TASK GOAL ->
The records below are to be restated word for word; their pictures are not.

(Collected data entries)
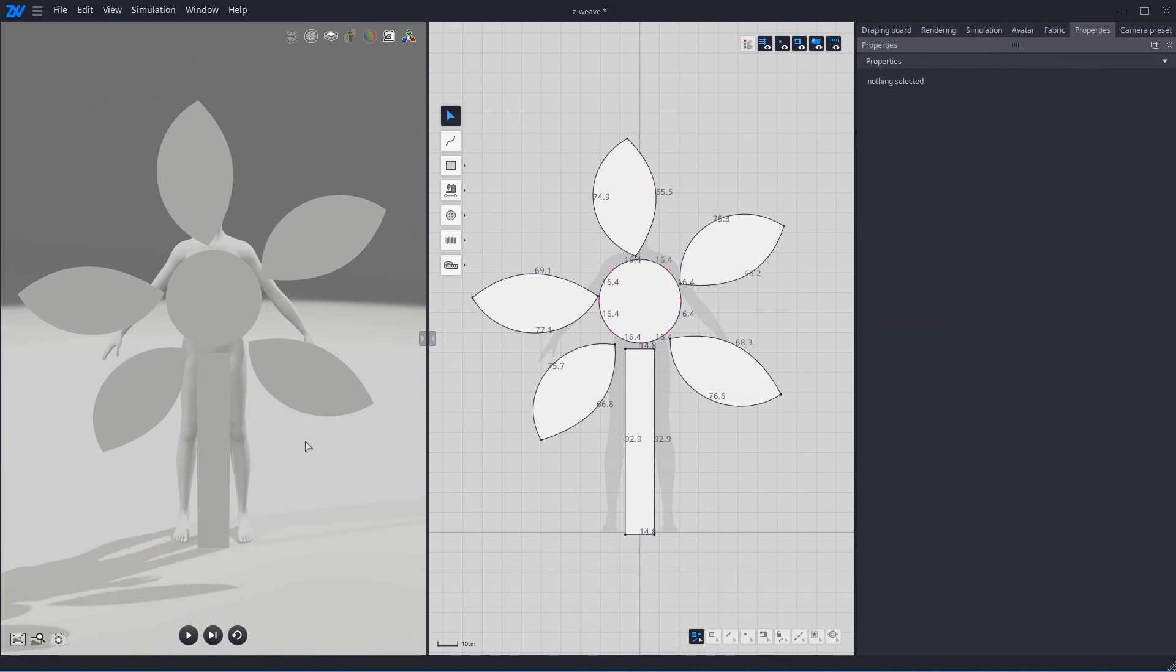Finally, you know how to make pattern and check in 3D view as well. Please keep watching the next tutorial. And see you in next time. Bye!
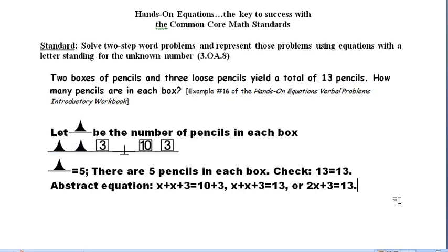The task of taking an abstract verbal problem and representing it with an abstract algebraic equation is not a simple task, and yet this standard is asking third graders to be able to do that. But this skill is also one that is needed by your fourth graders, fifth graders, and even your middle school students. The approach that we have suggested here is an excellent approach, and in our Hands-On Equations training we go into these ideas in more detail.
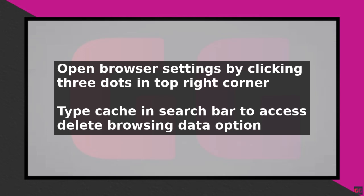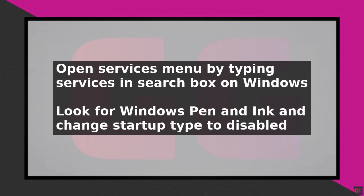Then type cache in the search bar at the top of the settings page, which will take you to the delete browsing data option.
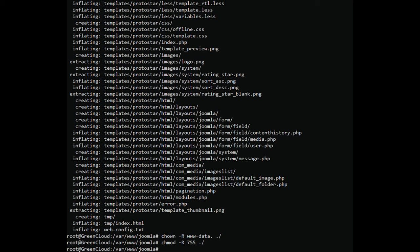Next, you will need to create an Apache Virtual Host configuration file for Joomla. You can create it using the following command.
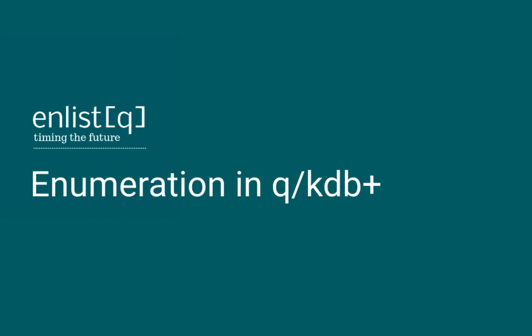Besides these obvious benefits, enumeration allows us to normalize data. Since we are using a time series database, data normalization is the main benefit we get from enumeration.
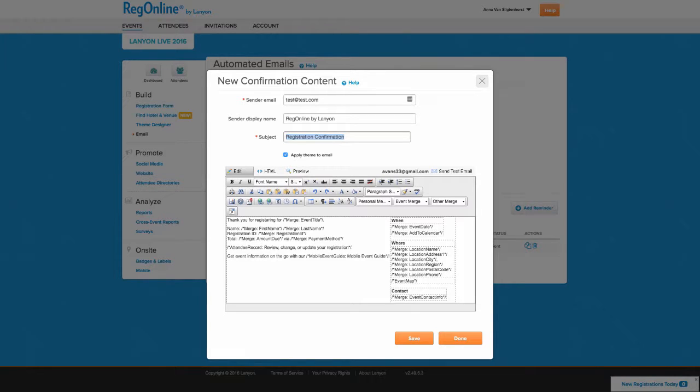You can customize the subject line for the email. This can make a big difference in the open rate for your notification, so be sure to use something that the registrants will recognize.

YOUR SOLUTION ->
Finally, you know how to make pattern and check in 3D view as well. Please keep watching the next tutorial. And see you in next time. Bye!
The task of taking an abstract verbal problem and representing it with an abstract algebraic equation is not a simple task, and yet this standard is asking third graders to be able to do that. But this skill is also one that is needed by your fourth graders, fifth graders, and even your middle school students. The approach that we have suggested here is an excellent approach, and in our Hands-On Equations training we go into these ideas in more detail.
Then type cache in the search bar at the top of the settings page, which will take you to the delete browsing data option.
Next, you will need to create an Apache Virtual Host configuration file for Joomla. You can create it using the following command.
Besides these obvious benefits, enumeration allows us to normalize data. Since we are using a time series database, data normalization is the main benefit we get from enumeration.
You can customize the subject line for the email. This can make a big difference in the open rate for your notification, so be sure to use something that the registrants will recognize.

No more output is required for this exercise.